[Data extract — start]
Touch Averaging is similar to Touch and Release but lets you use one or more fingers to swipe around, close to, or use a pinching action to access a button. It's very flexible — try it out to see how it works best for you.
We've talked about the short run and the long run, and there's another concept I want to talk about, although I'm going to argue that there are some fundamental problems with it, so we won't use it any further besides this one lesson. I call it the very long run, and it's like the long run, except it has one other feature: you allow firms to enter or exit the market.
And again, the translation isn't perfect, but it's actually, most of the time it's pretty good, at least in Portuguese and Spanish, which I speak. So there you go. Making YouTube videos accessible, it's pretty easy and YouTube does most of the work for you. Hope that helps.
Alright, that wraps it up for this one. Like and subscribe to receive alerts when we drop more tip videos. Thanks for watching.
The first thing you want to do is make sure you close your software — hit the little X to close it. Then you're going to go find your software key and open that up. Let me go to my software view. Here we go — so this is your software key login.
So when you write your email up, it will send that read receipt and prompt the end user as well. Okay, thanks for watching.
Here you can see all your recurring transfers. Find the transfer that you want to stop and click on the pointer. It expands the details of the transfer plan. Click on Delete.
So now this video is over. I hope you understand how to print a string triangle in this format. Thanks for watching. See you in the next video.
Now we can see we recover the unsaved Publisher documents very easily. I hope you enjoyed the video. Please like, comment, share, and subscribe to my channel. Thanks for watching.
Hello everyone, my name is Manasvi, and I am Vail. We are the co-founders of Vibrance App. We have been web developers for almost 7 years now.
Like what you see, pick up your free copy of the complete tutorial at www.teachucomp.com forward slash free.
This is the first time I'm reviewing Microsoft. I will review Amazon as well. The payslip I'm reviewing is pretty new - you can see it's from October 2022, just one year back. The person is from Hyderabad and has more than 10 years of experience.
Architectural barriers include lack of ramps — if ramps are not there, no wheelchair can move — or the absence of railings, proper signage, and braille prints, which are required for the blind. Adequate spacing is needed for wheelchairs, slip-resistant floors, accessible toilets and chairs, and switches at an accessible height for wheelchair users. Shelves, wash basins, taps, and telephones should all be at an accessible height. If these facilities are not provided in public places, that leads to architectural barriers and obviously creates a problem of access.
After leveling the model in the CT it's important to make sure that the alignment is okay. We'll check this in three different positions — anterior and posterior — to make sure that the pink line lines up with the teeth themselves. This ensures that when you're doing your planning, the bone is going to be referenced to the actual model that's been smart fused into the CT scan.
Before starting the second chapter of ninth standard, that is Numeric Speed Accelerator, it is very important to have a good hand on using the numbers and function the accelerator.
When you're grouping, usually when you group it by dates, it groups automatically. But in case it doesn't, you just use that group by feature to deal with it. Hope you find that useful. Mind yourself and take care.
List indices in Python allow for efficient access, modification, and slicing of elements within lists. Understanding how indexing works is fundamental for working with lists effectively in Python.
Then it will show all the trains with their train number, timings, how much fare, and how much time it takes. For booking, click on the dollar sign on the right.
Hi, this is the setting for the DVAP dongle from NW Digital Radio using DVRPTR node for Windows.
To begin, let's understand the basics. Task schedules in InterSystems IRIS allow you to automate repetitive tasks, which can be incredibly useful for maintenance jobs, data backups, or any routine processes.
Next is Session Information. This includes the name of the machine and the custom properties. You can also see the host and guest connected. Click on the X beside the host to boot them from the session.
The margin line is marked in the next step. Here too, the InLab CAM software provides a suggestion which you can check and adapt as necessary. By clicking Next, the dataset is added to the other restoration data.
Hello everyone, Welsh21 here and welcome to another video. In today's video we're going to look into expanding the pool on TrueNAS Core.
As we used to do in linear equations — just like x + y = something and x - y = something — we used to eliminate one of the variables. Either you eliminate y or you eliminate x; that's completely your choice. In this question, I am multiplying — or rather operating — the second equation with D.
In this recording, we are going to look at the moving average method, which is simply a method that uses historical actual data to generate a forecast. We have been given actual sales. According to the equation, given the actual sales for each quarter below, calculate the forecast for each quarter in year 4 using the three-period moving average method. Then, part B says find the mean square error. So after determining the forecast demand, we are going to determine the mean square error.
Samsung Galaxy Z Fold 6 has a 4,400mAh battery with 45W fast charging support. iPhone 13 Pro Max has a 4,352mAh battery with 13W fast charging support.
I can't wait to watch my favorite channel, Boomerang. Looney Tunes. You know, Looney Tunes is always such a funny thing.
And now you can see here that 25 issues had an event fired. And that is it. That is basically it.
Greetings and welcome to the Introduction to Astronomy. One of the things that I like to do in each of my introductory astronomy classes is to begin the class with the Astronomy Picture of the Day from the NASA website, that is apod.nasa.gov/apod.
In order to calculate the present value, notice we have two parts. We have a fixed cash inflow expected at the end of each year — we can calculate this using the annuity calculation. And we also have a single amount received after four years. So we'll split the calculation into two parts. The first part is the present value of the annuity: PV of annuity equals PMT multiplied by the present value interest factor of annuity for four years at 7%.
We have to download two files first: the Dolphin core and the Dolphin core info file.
[Data extract — finish]
Could you please copy the lines above exactly, beginning at the first and ending at the line that contains "We've talked about"?

▶ [Result for this task]:
Touch Averaging is similar to Touch and Release but lets you use one or more fingers to swipe around, close to, or use a pinching action to access a button. It's very flexible — try it out to see how it works best for you.
We've talked about the short run and the long run, and there's another concept I want to talk about, although I'm going to argue that there are some fundamental problems with it, so we won't use it any further besides this one lesson. I call it the very long run, and it's like the long run, except it has one other feature: you allow firms to enter or exit the market.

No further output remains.